Complaining about it would get on my nerves, and I don't think that's gender-based

2. Why is it that when I'm cranky or touchy, I'm suddenly thrust into the position of being a representative of all female gamers instead of just having that kind of day? Or, if they see me always losing patience with them, they never seem to question themselves or reflect on why I get irksome. A very exaggerated example. (snipped example)

Classic.

When someoine is "cranky or touchy" around me, they don't get Kid-Glove treatment in an effort to make their gaming experience more enjoyable. They get told to smarten the F*** up, or take it home...this would include the guys who are hassling you incidentally.

But Hassling each other is how guys interact.

You've chosen to game with a group of guys.

Adapt.

Constantly being on them to adapt to your needs is likely a reason I would "always see you losing patience with me" and "never question myself on why (I am) irksome"

If I was playing with a group of women and my behaviour was objectionable to them I wouldn't expect them to start behaving like my guy friends. I would go with the majority or leave.

This a group game, group dynamics rule the day. Don't be so hard on them for being guys. This generation (mine) has been trained that women are no different than men. You may well be being treated like they treat each other.

If so, congrats. The revolution my mother's generation set in motion has succeeded:)

Again, my game time is far to limited for it to be used to coddle people who can't keep their Crankiness or Touchiness under control..gender doesn't enter into it.

3. How come guys often state their opinions as facts, and their requests as demands? Now, I would concur that this is probably less a male-female interaction thing than varying definitions of what it means to be tactful. However, when I'm communicating, guys often mistake my saying, "I feel that..." for "It is an indisputable fact that..." What's worse, I often feel like they expect me to be more conscientious regarding their feelings than they are of mine.

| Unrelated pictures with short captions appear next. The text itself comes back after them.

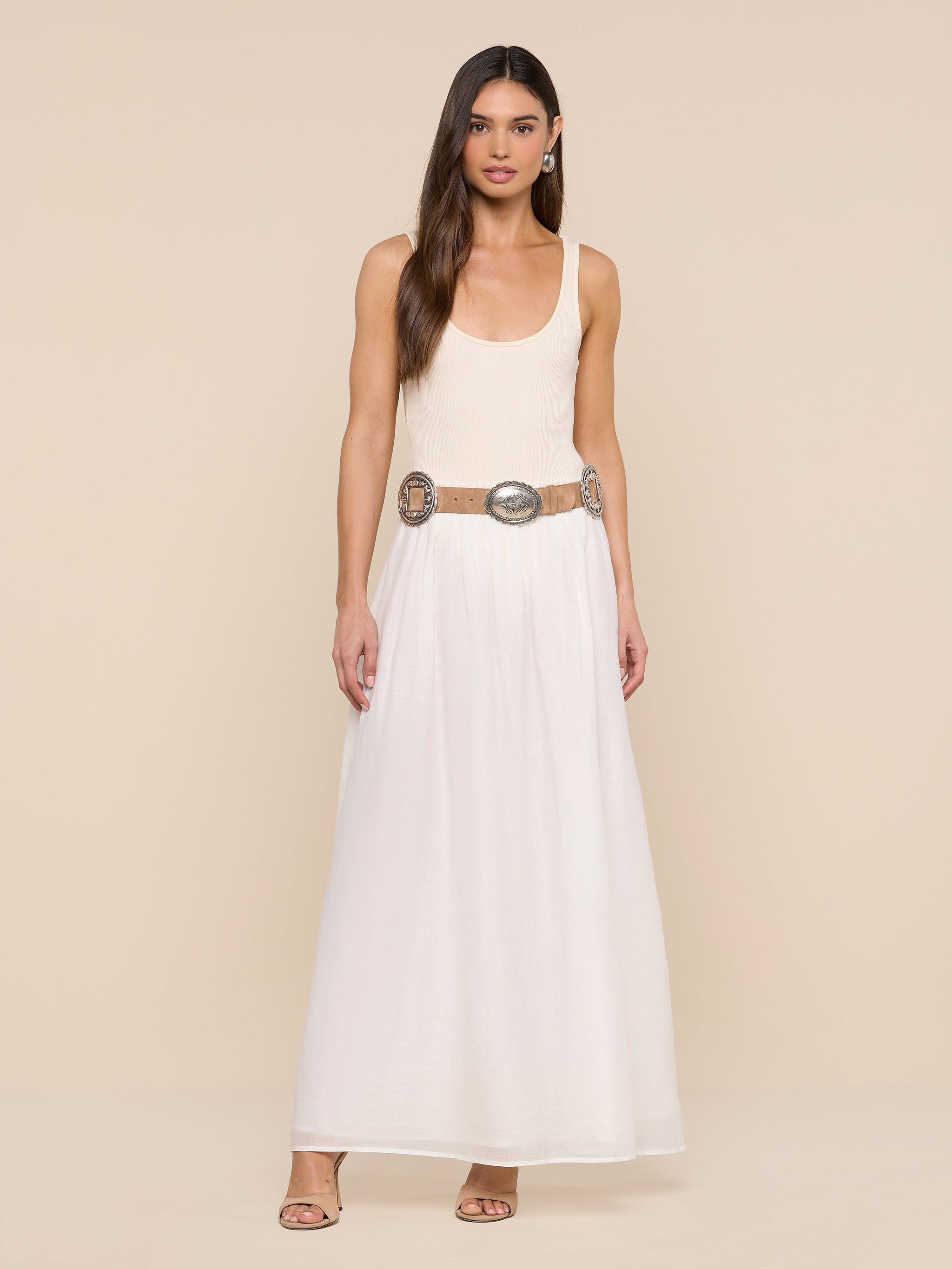 A woman stands against a white background wearing a sleeveless beige top, the Evangelina Maxi Skirt—a long, breathable white summer skirt—a wide decorative belt with large round details, hoop earrings, and open-toe shoes.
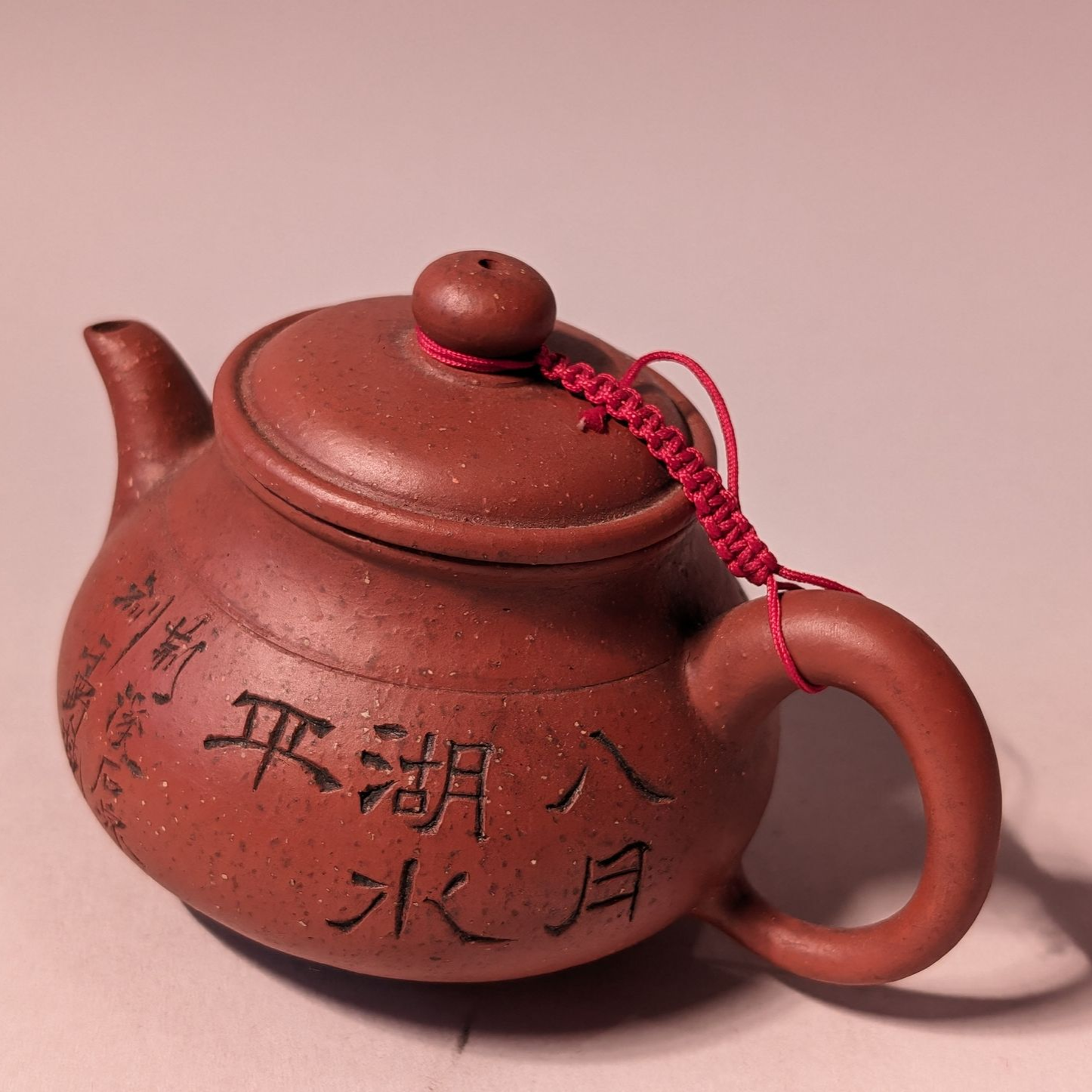 Small reddish-brown teapot with Chinese calligraphy and a red cord on a plain pink background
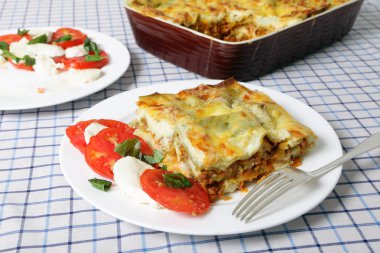 Lasagne verde and caprese salad clipart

Well, like I said above, they are interacting with each other the way guys interact with each other. If you want a round table "My feelings ..." type discussion about every facet of your emotional state, I'd say look elsewhere than a largely male group of D&D players.

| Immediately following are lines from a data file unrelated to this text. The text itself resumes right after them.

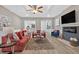 Elegant living room with hardwood floors, modern fireplace, recessed lighting, and an open-concept layout at 332 Mount Zion Rd, Oxford, GA 30054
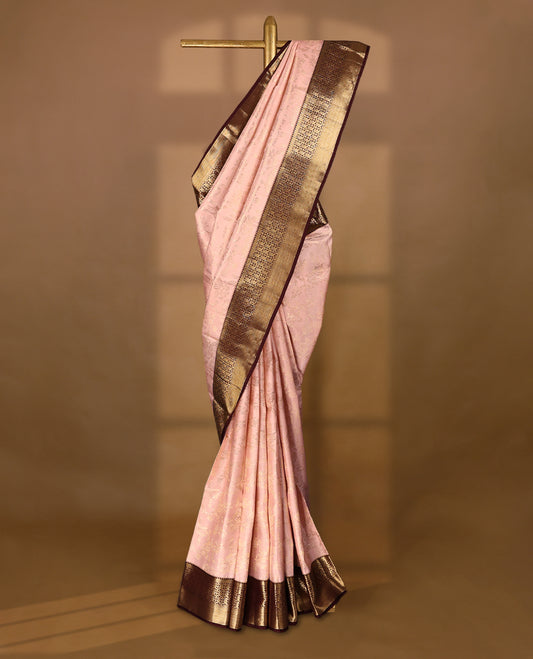 Soft blush Colour traditional Kancheepuram silk saree adorned with antique zari floral kodi motifs on the body, featuring a dark maroon border with rich, heavy golden zari floral Kodi patterns, and paired with a matching blouse.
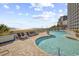 Oceanfront pool and sundeck with lounge chairs at 3000 Ocean Blvd. N # 1905, Myrtle Beach, SC 29577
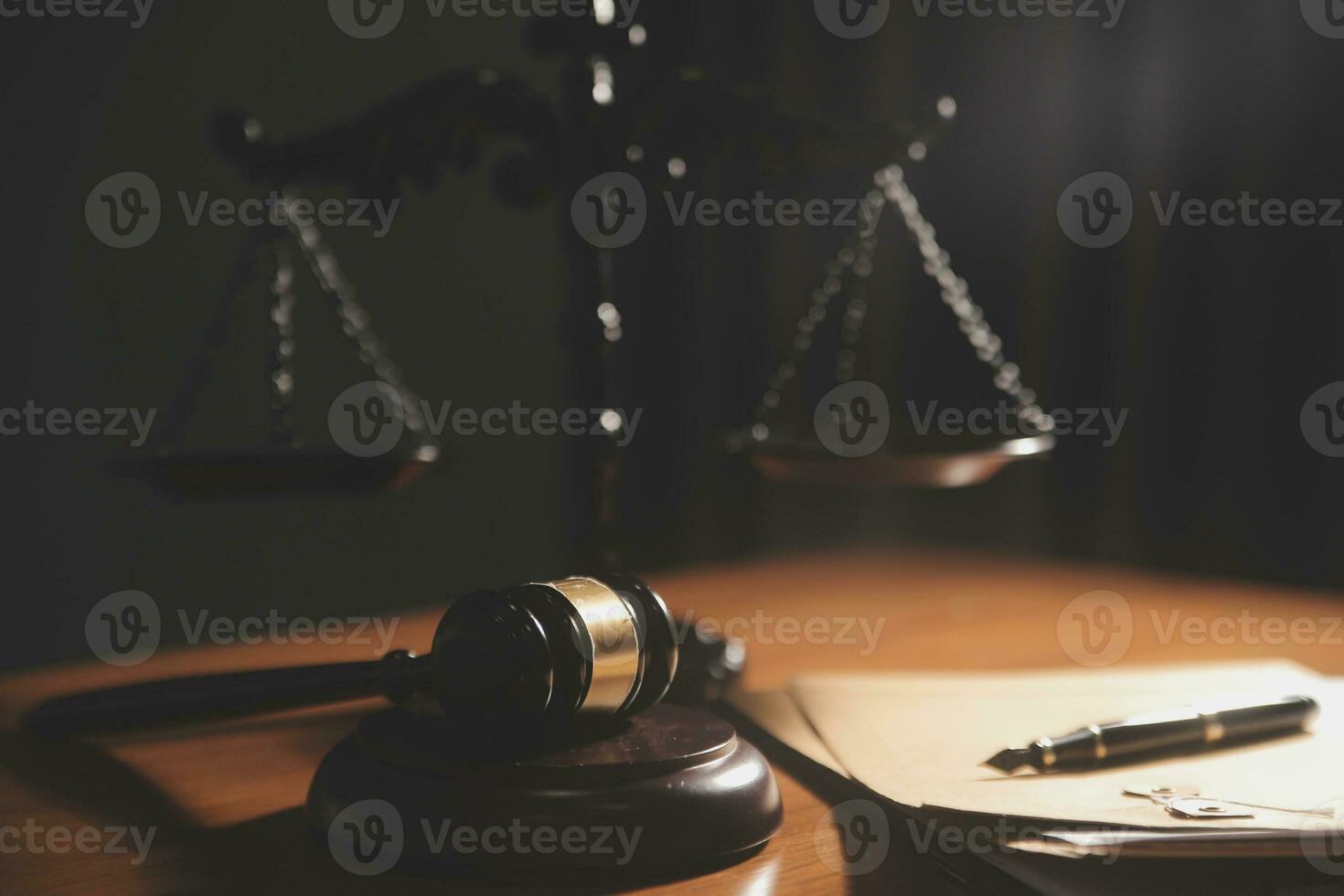 Business and lawyers discussing contract papers with brass scale on desk in office. Law, legal services, advice, justice and law concept picture with film grain effect photo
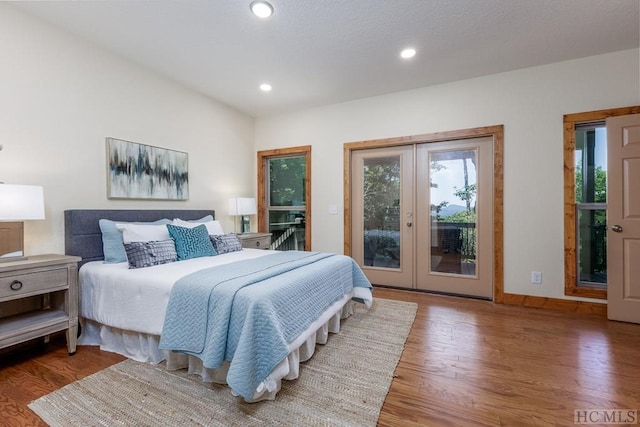 bedroom featuring hardwood / wood-style flooring, french doors, and access to outside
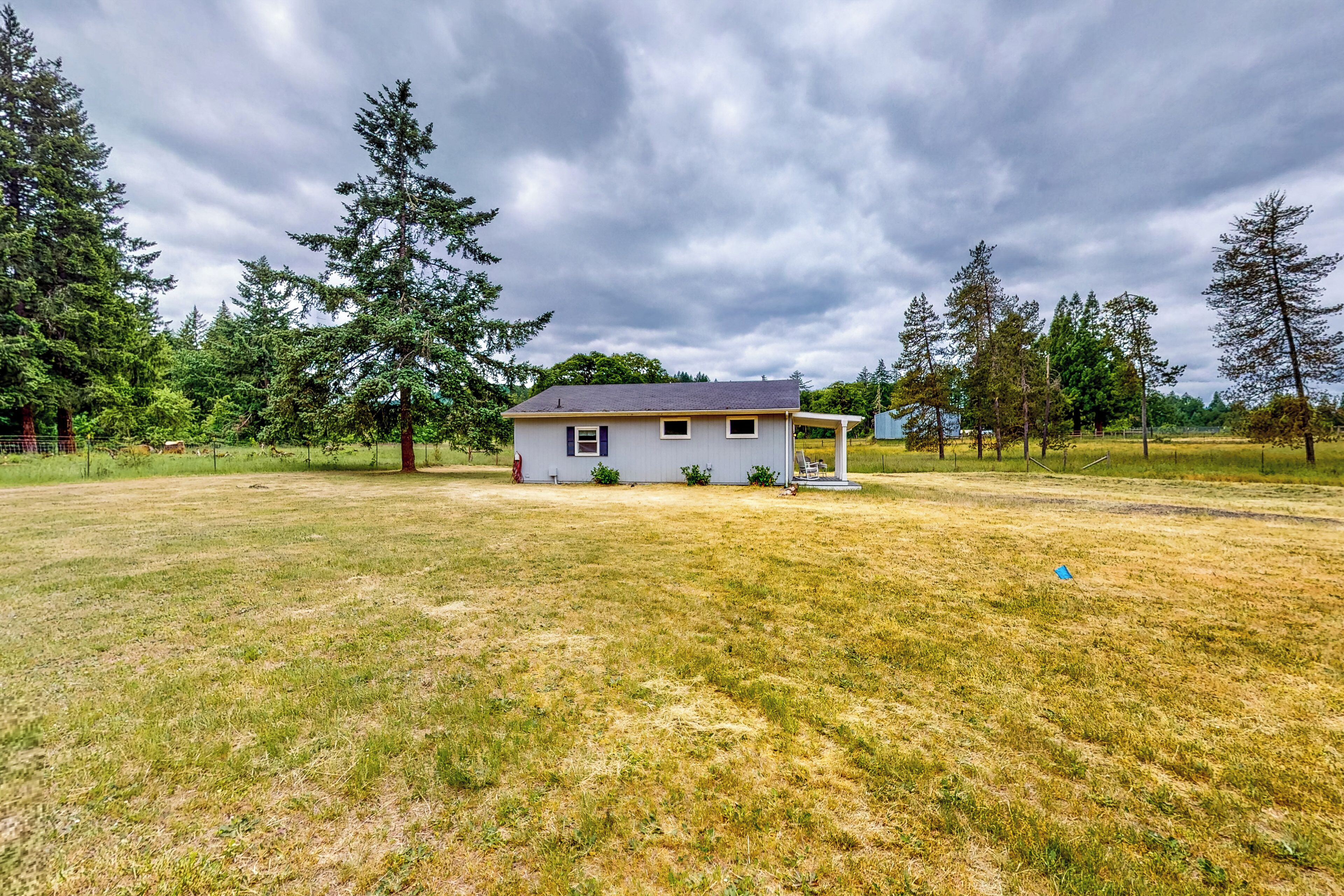 A single-story house with a small porch, surrounded by a grassy field and tall trees.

It's like looking for water in the desert: It's there, but it's amid an awful lot of sand.

Why is it that so many guys think that saying, "Please don't do (whatever it was I did to upset them) again" is completely reasonable, but my saying, "Listen, John, when you do/say XYZ, it makes me think you believe I'm (insert unflattering adjective here)" is me being hypersensitive?

Because it sounds like touchy-feely new age psychobabble is why.

If the message your trying to get across is...

"Please don't do (whatever)"

They why frame it as...

"Listen, John, when you do/say XYZ, it makes me think you believe I'm (insert unflattering adjective here)"?

Again, if we're generalizing; men are "goal oriented" (we want the question out, answered and to move on) while women are process oriented (you want the question examined from every single angle, all the while making sure that the questions are framed so as to not ofend anyones sensibilities).

You're talking to guys. Talk like a guy.

You mention above that you kow how to, and are aware what works. Go with that.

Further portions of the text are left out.